[Start of Attachment]

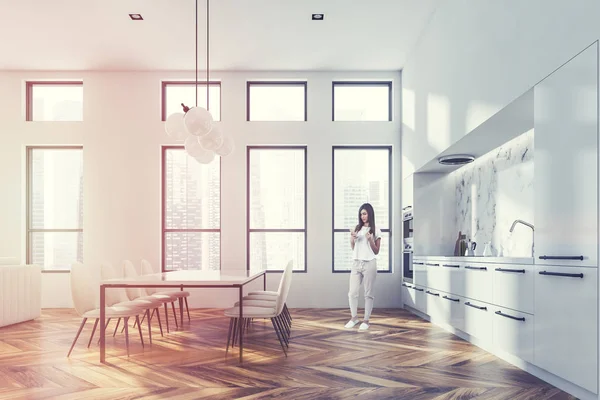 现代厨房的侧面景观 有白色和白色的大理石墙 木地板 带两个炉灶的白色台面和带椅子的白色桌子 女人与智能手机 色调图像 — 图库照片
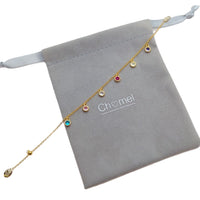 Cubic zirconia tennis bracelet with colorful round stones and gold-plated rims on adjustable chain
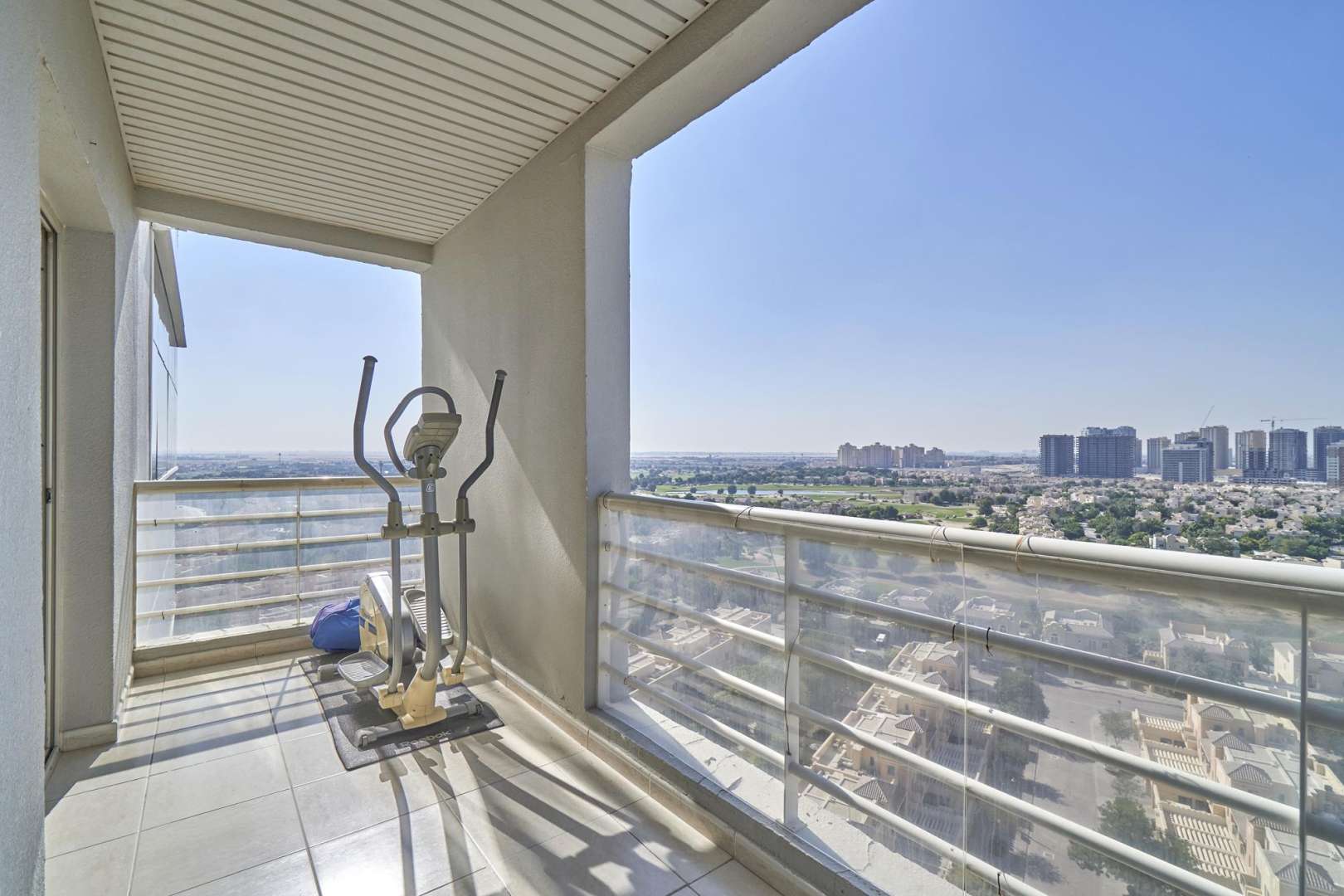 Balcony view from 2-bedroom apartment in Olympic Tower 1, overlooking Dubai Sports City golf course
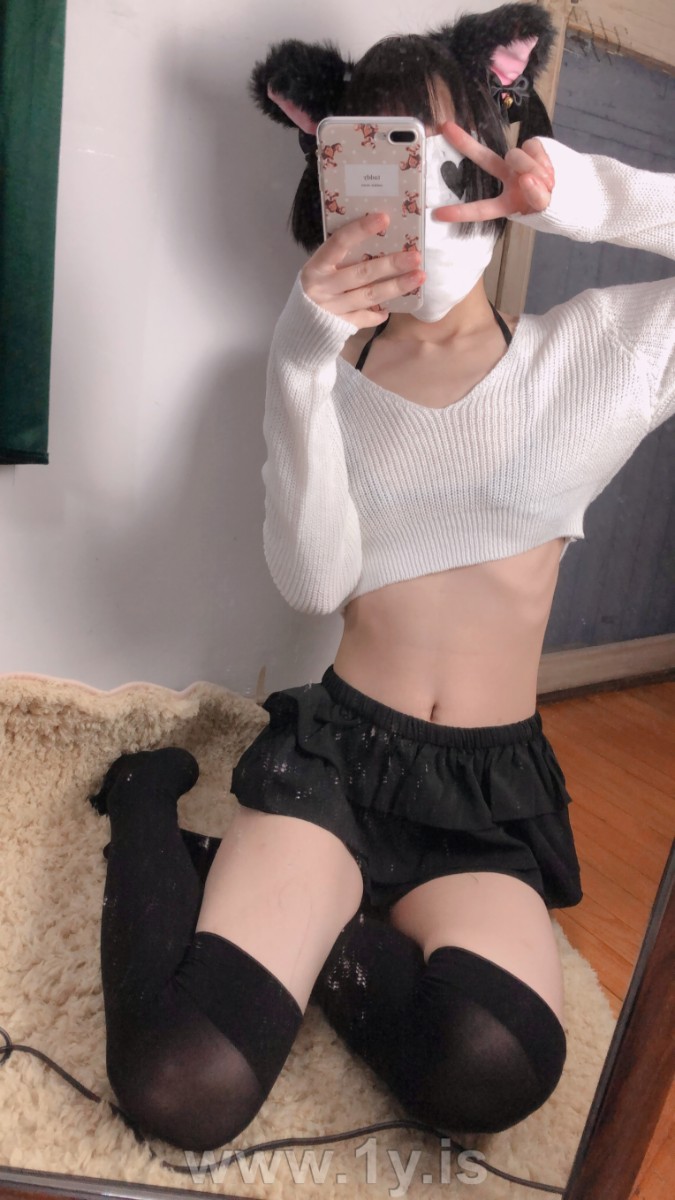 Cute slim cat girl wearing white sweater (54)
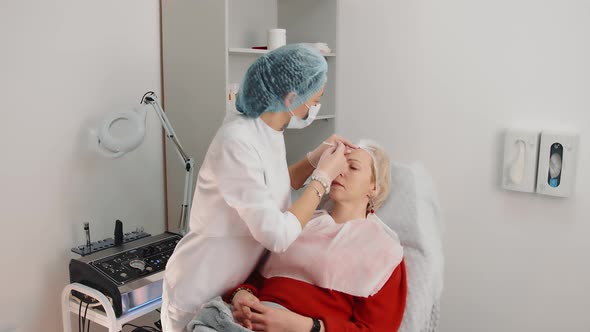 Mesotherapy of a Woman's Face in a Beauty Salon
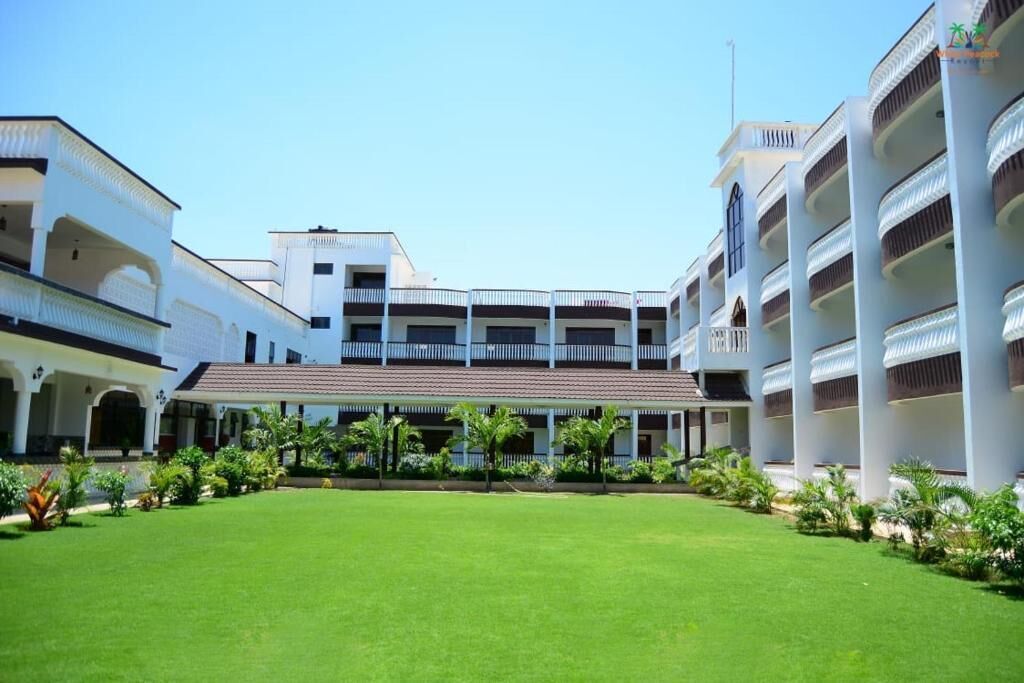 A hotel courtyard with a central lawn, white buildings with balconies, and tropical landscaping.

[End of Attachment]
[Start of Attachment]

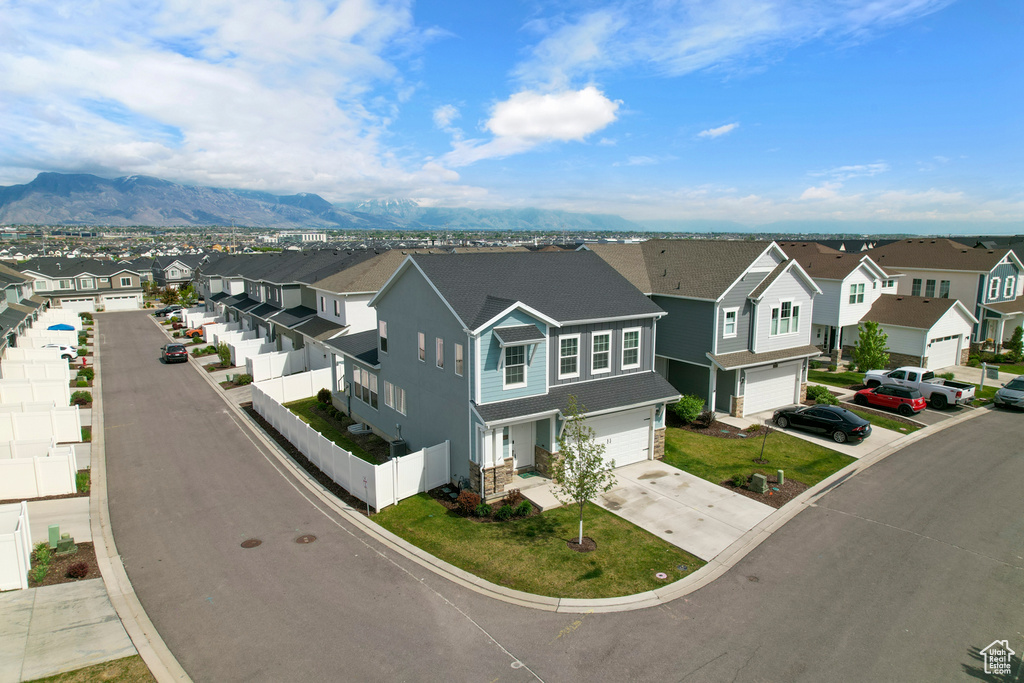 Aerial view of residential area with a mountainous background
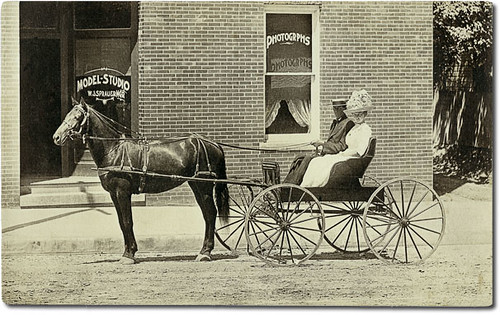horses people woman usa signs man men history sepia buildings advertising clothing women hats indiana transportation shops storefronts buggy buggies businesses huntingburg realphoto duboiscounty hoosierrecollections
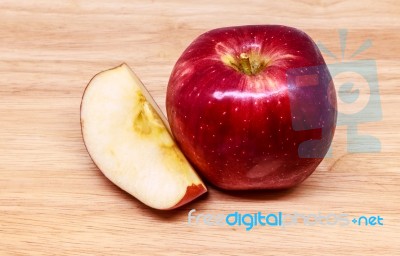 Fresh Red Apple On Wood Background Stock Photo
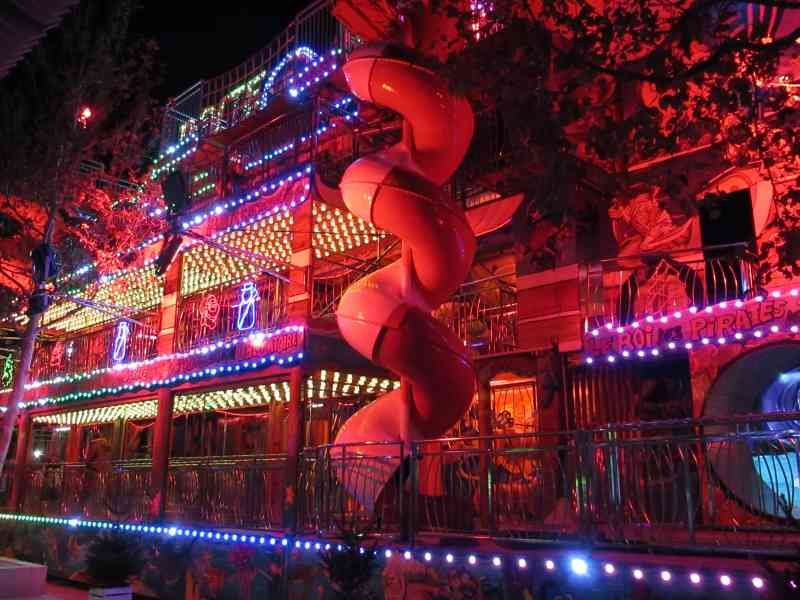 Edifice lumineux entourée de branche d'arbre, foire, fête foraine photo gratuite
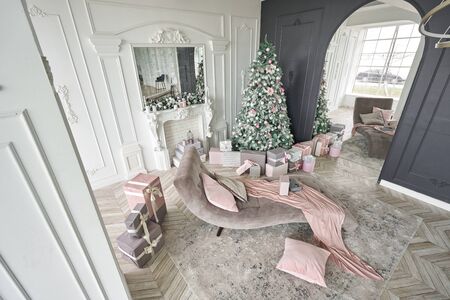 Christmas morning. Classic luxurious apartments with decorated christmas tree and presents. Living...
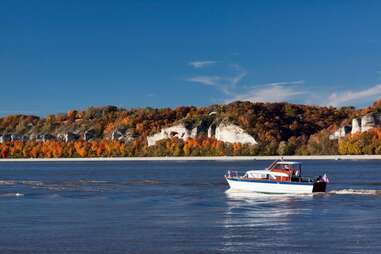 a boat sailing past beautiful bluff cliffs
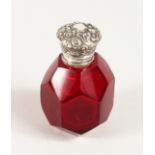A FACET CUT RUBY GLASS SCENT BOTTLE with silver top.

[End of Attachment]
[Start of Attachment]

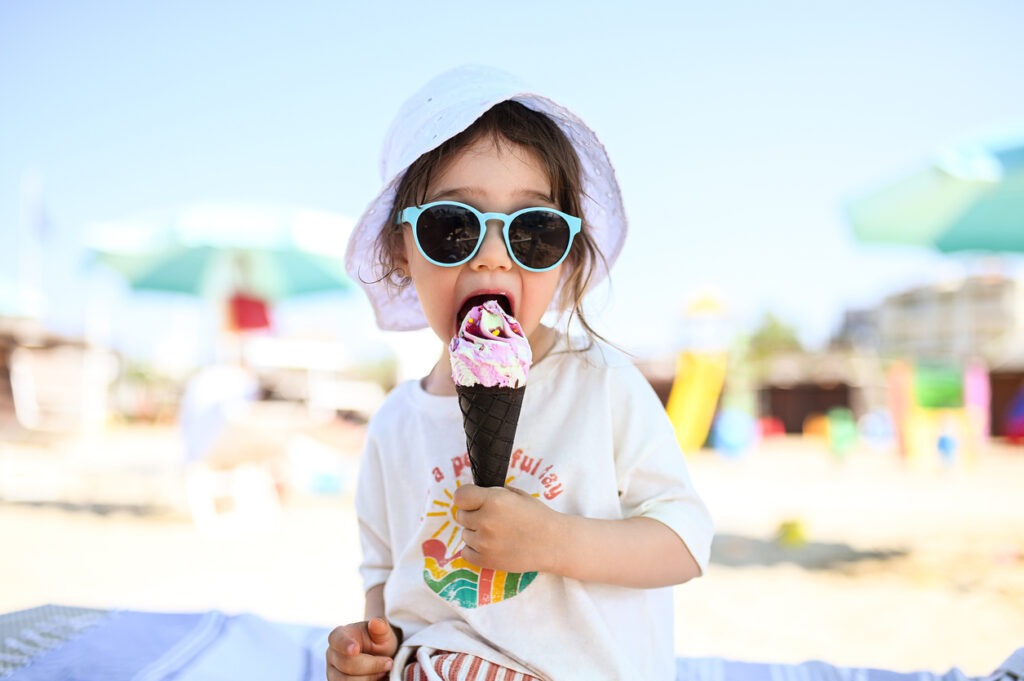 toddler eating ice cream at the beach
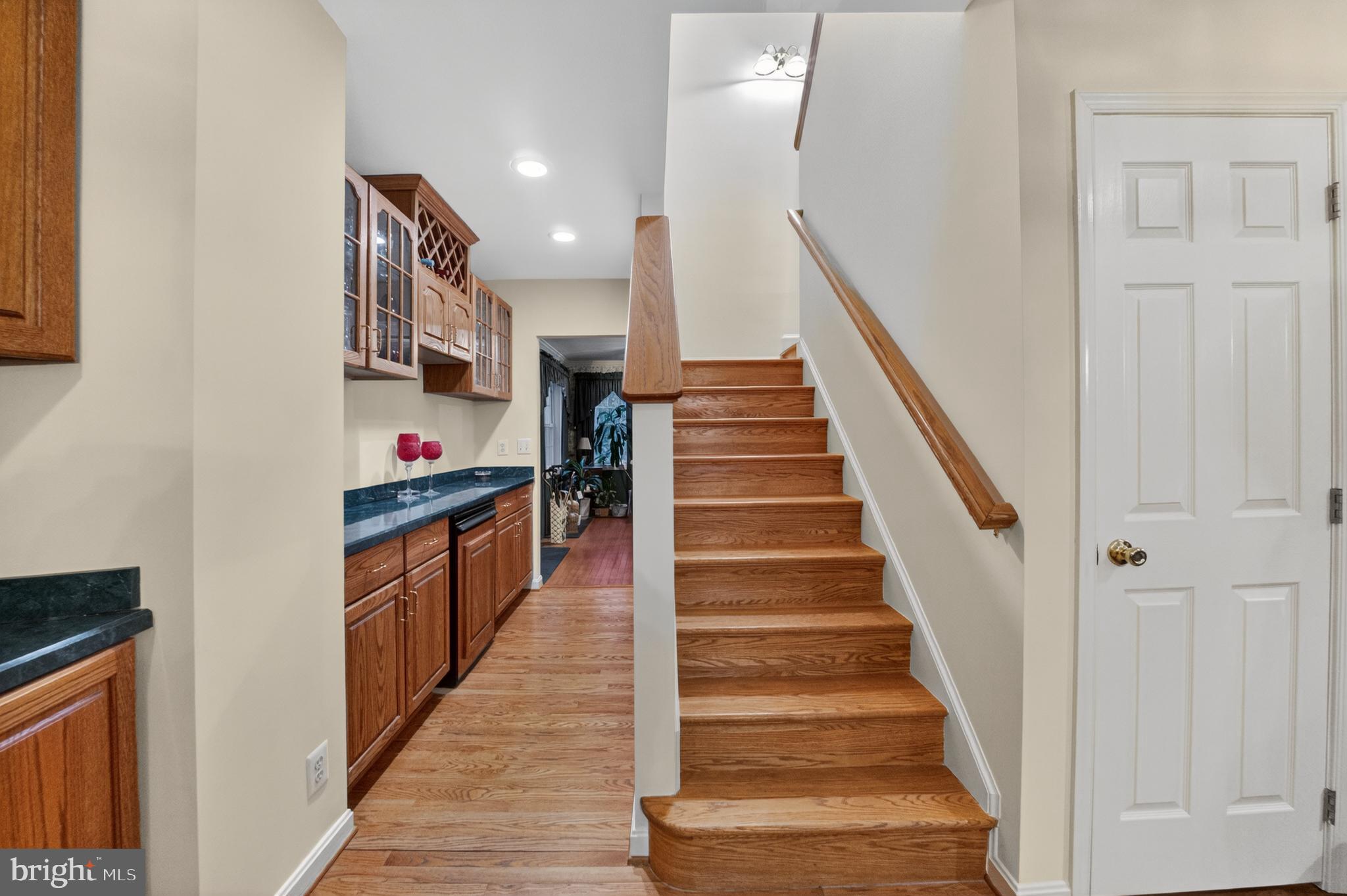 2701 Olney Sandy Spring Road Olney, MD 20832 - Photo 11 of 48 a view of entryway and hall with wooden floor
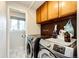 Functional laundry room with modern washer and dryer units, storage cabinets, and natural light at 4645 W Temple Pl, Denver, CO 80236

[End of Attachment]

Exactly the lines above, from the one containing "Cute slim cat" down to the one containing "A hotel courtyard", are to be repeated, including both ends. Pictures are not part of the copy.

#### ANSWER TO THIS TASK:
 Cute slim cat girl wearing white sweater (54)
 Mesotherapy of a Woman's Face in a Beauty Salon
 A hotel courtyard with a central lawn, white buildings with balconies, and tropical landscaping.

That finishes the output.